The prosecutor rigged up state charges against me for firearms and conspiracy and a few other crimes that didn’t amount to much, at least in the eyes of Paul Reese and Frank Robbins, but none of the law enforcement types had the guts to lower the hammer on me for the dead men in the hotel basement, especially after the women’s stories were aired and the entire country heard how they had been tormented, threatened and roughed-up. Daily stories of the continual and gruesome cartel violence in Mexico and along the border transformed Corrine and Isabel into twenty-first century heroines. Corrine gagged at the thought of being portrayed as a defender of the border against illegal brown hooligans.
“Ironic,” I told her when I had the chance.
But no reporter would make a hero out of me, and Jerome kept out of the spotlight as much as he could. All he wanted was to go back to running his coffee shop. Jerome and I didn’t fit the mold of crusading vigilantes that the reporters and politicians were looking for, and that was okay with me. Corrine milked it, of course. B
ecause her story helped set me free and stopped the interrogations, I wished her more power and all the publicity she wanted.
I had to deal with the charges, which meant hiring a lawyer. On Corrine’s advice I turned to a guy I had known since way back, Luis Móntez. He had practiced law in Denver for years. He hung his shingle back when all the Chicano lawyers knew one another on a first-name basis, and he had a lot of experience dealing with guys like me. I trusted him. I had friends who had relied on Móntez and had not been disappointed.
He met me in the jail and carefully listened to my story.
“That’s amazing,” he said. “I’m not sure I believe it all, but my job is to get you out of here and then make sure you get a fair trial. Neither necessarily requires that I believe you.”
“Thanks, that’s reassuring.”
The first thing he did on my behalf was to convince Sylvia that she should put up her house and business as collateral for my bail. That was a miracle and Móntez impressed me from the jump.
“Sylvia says she will personally cut off your balls if you do anything to jeopardize her shop,” he told me when I walked out of the jail.
“I expected no less. I’m surprised she didn’t ask for one of my cojones as collateral on her collateral. You must be quite the talker, Móntez.”
“I’ll take the credit, but, and I shouldn’t say this, it wasn’t that difficult to get her to agree. For whatever reason, that woman wanted to help. I won’t say she’s still got a thing for you, but there’s something.”
The wrinkles around his eyes shrunk into tight circles and his gray mustache stretched around a gold-toothed smile. He gave me a good feeling and I started to believe in my lawyer and the case for Jerome and me.
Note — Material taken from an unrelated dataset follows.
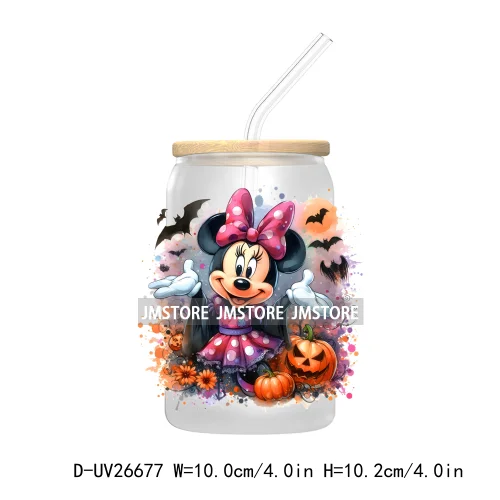 Cartoon Mouse And Friends Halloween Pumpkin UV DTF Transfer Stickers Decals For Libbey Cold Cups Mugs Tumbler Custom Labels Fall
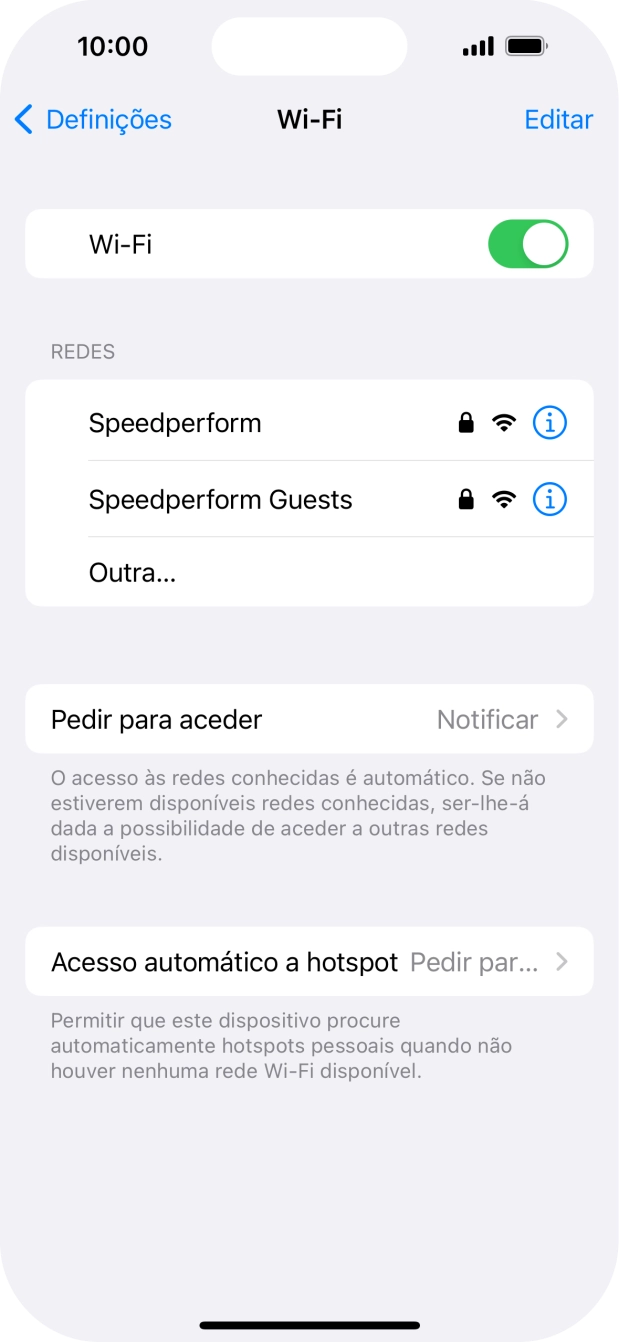 Prima a rede Wi-Fi pretendida e introduza a password da rede Wi-Fi.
When I finally made it home, Corrine waited with a volatile mix of anger and relief and frustration. She hollered for an hour or so, even threw a punch at me and broke a plate in disgust. Then she cried, hugged me and broke down. She tried to talk but the words wouldn’t come and only the tears flowed free. I put my arms around her and held her. She let out all she had been forced to keep inside for days. After a few minutes she stopped crying and finally explained what had happened to her and Isabel. It was classic Corrine.
21
Corrine told me a story that made sense only because it was Corrine’s. She had always been my super sister and the way she outsmarted the cartel goons proved again that she had the courage of a crazy Aztec and the cunning of Old Man Coyote.
“I was pretty sure they were going to kill us,” she began. “Isabel knew it, too.”
She wanted to rush through the story and get it over with as quickly as possible.
“Give me all the details,” I said. “I only know what I saw on the news. That’s not enough.” I wanted it all, and I believed she needed to tell me everything.
She took deep breaths and calmed down. “But we had other ideas.”
That morning, while Jerome and I were carted away to what everyone assumed was our certain deaths, Corrine and Isabel decided that they would not make it easy for Ortiz’s killers.
“I’m not letting these pigs touch me or hurt me,” Corrine whispered to Isabel. “They’re going to have to kill me first. Then I won’t care what they do.”
“I’m sure you being dead won’t change their minds about what they want to do to you,” Isabel said.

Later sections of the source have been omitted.